What is needed: Please give back each entry below unaltered, leaving the pictures out.

──────── Supplied data ────────

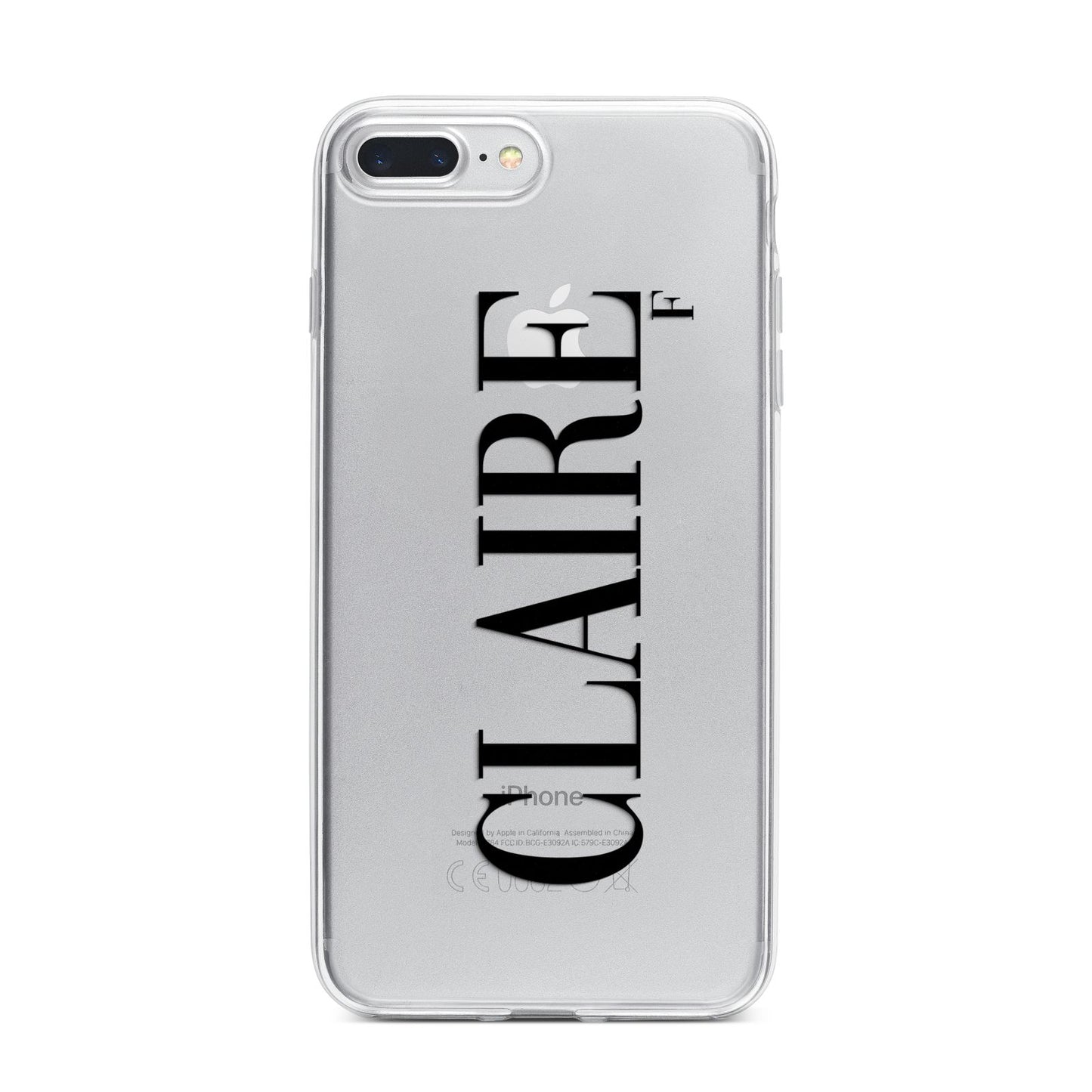 Personalised Transparent Name iPhone 7 Plus Bumper Case on Silver iPhone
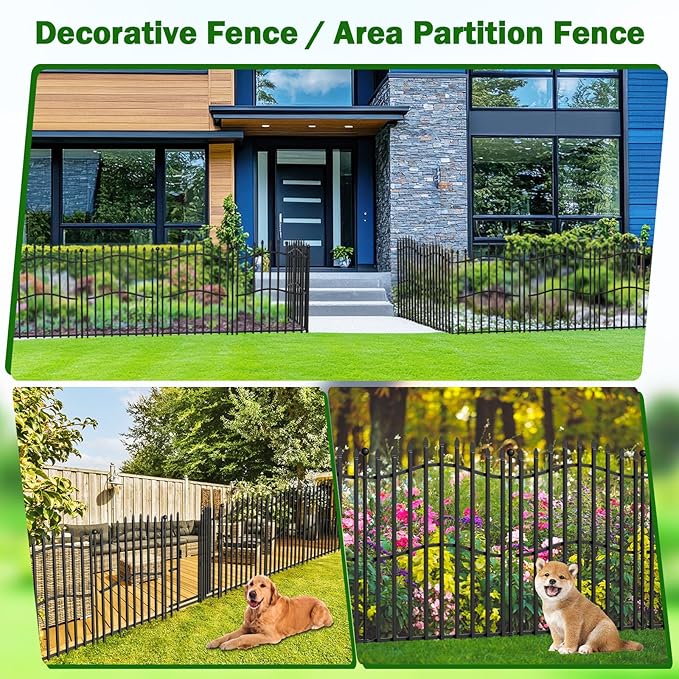10 Panels No Dig Decorative Garden Fence with Gate - 32in H x 22.5ft L, Reinforced Square Tube Rustproof Tall Animal Barrier for Dogs & Rabbits, Outdoor Yard Border Fencing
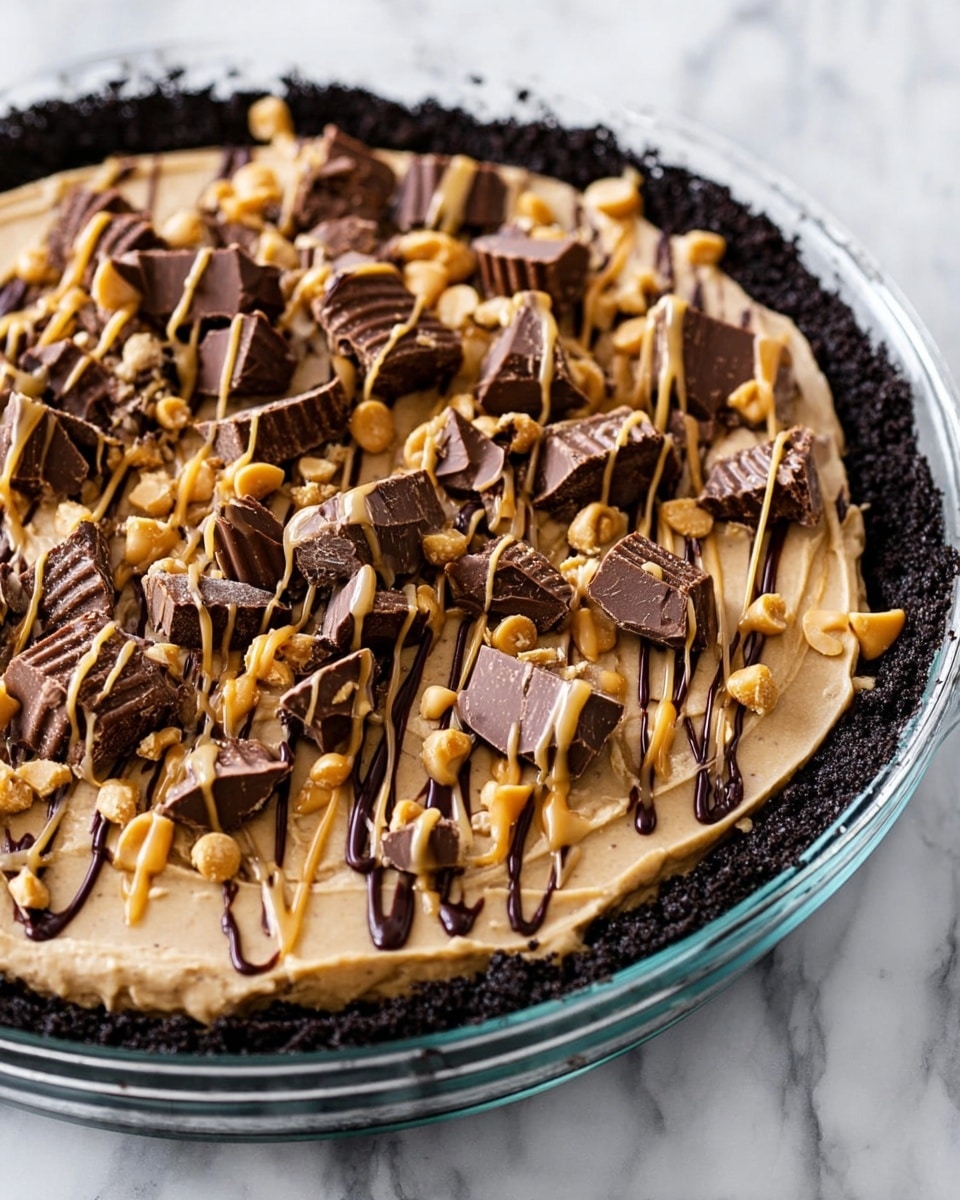 A pie in a clear glass dish with three layers: a dark crumbly crust on the bottom and sides, a thick creamy light brown layer in the middle, and a topping of broken pieces of chocolate peanut cups mixed with light brown peanut butter chips and drizzled with peanut butter and dark chocolate sauce on top. Some crumbs and chips are scattered inside the dish. The dish sits on a white marbled surface. photo taken with an iphone --ar 4:5 --v 7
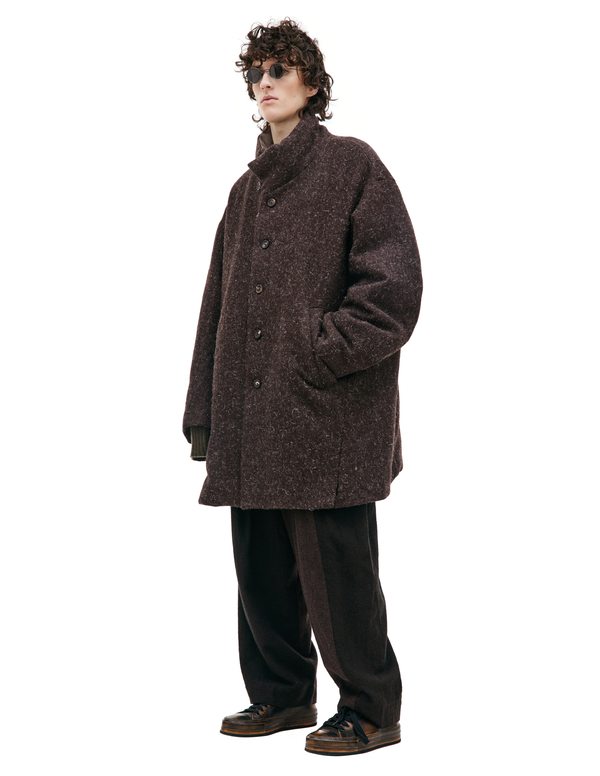 Ziggy Chen Elongated High Neck Coat - Black | Garmentory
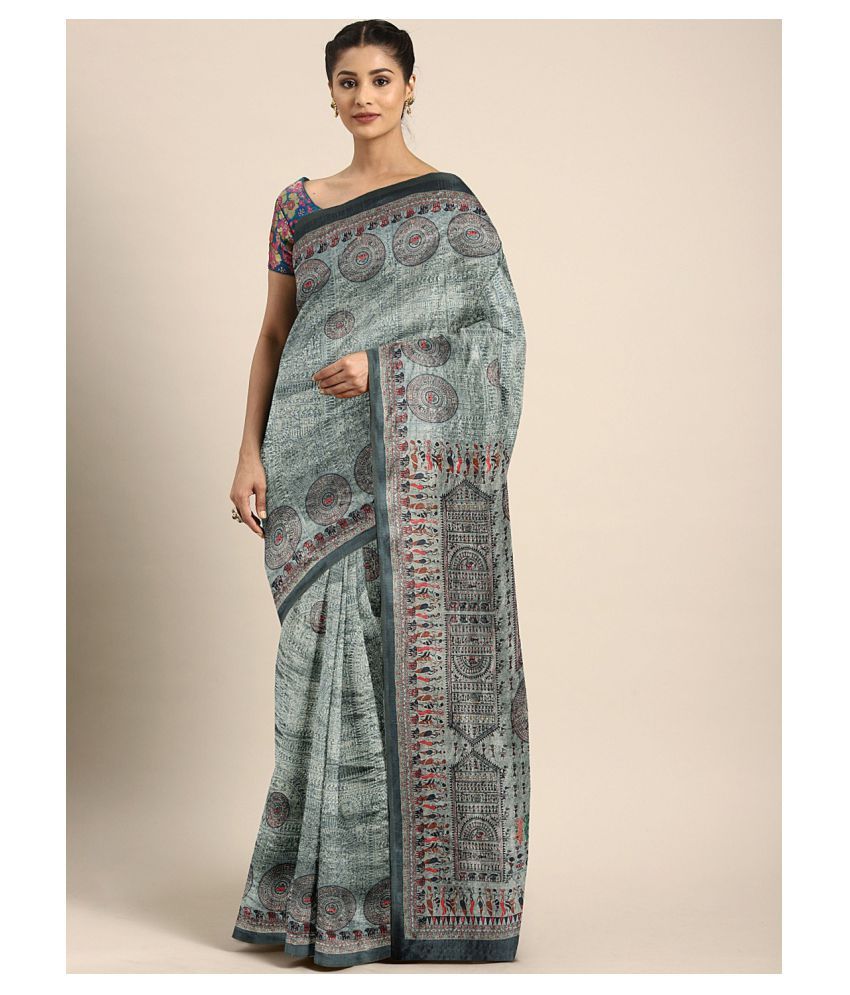     			Aarrah Grey Art Silk Saree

────────

Response below:
 Personalised Transparent Name iPhone 7 Plus Bumper Case on Silver iPhone
10 Panels No Dig Decorative Garden Fence with Gate - 32in H x 22.5ft L, Reinforced Square Tube Rustproof Tall Animal Barrier for Dogs & Rabbits, Outdoor Yard Border Fencing
 A pie in a clear glass dish with three layers: a dark crumbly crust on the bottom and sides, a thick creamy light brown layer in the middle, and a topping of broken pieces of chocolate peanut cups mixed with light brown peanut butter chips and drizzled with peanut butter and dark chocolate sauce on top. Some crumbs and chips are scattered inside the dish. The dish sits on a white marbled surface. photo taken with an iphone --ar 4:5 --v 7
 Ziggy Chen Elongated High Neck Coat - Black | Garmentory
     			Aarrah Grey Art Silk Saree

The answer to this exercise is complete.